- Directed by: Razid Season
- Written by: Razid Season
- Produced by: Razid Season
- Starring: Ajaz Alam Mithila Gazi Debjani Banerjee
- Cinematography: Uladzimir Taukachou
- Edited by: Emanuele Michetti
- Music by: Upasak Mukherjee, Orazio Saracino
- Production company: Image Maker Films
- Distributed by: Image Maker Films
- Release date: November 2, 2024 (Boston);
- Running time: 20 minutes
- Country: United States
- Languages: English Bengali

= Elijah (2024 film) =

2024 short drama film

Elijah is a 2024 American short drama film produced, written, and directed by Razid Season.

It is a narrative film by Season, inspired by true characters. The film follows a Bengali Muslim yellow cab driver who faces mounting pressure in New York City from financial hardship and fading dreams, as well as his daughter's coming out as transgender, forcing him to reexamine the limits of his love and understanding.

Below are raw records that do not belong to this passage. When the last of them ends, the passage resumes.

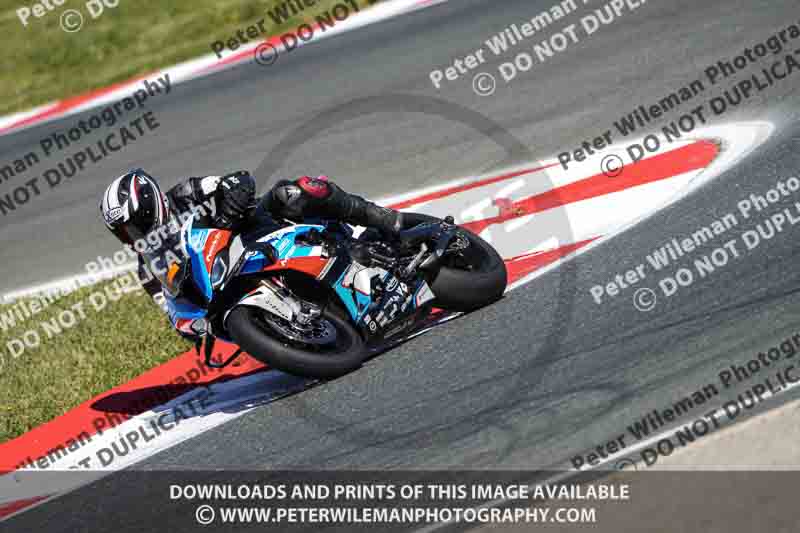 cadwell no limits trackday;cadwell park;cadwell park photographs;cadwell trackday photographs;enduro digital images;event digital images;eventdigitalimages;navarra;no limits trackdays;peter wileman photography;racing digital images;trackday digital images;trackday photos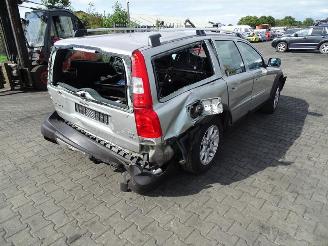Volvo Xc-70 2.5 T picture 1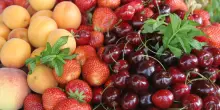 Acqua, frutta e verdura alleati contro il caldo: la guida dell&rsquo;Iss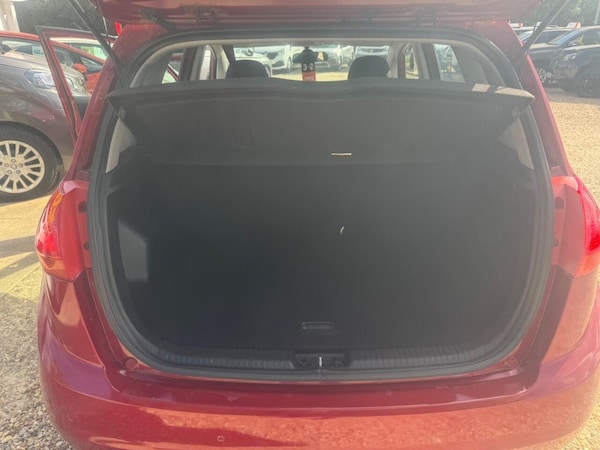 Used Kia Venga 2013 for sale - 76279621: Photo 34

The film had its initial release in the festival circuit in November 2024 and has been screened at numerous film festivals. The film stars Asian American actors as well as American actors. Harvey Brownstone, the first openly gay judge in Canada, is the film's executive producer. Piotr Kajstura and Richard Kwolek are the producers.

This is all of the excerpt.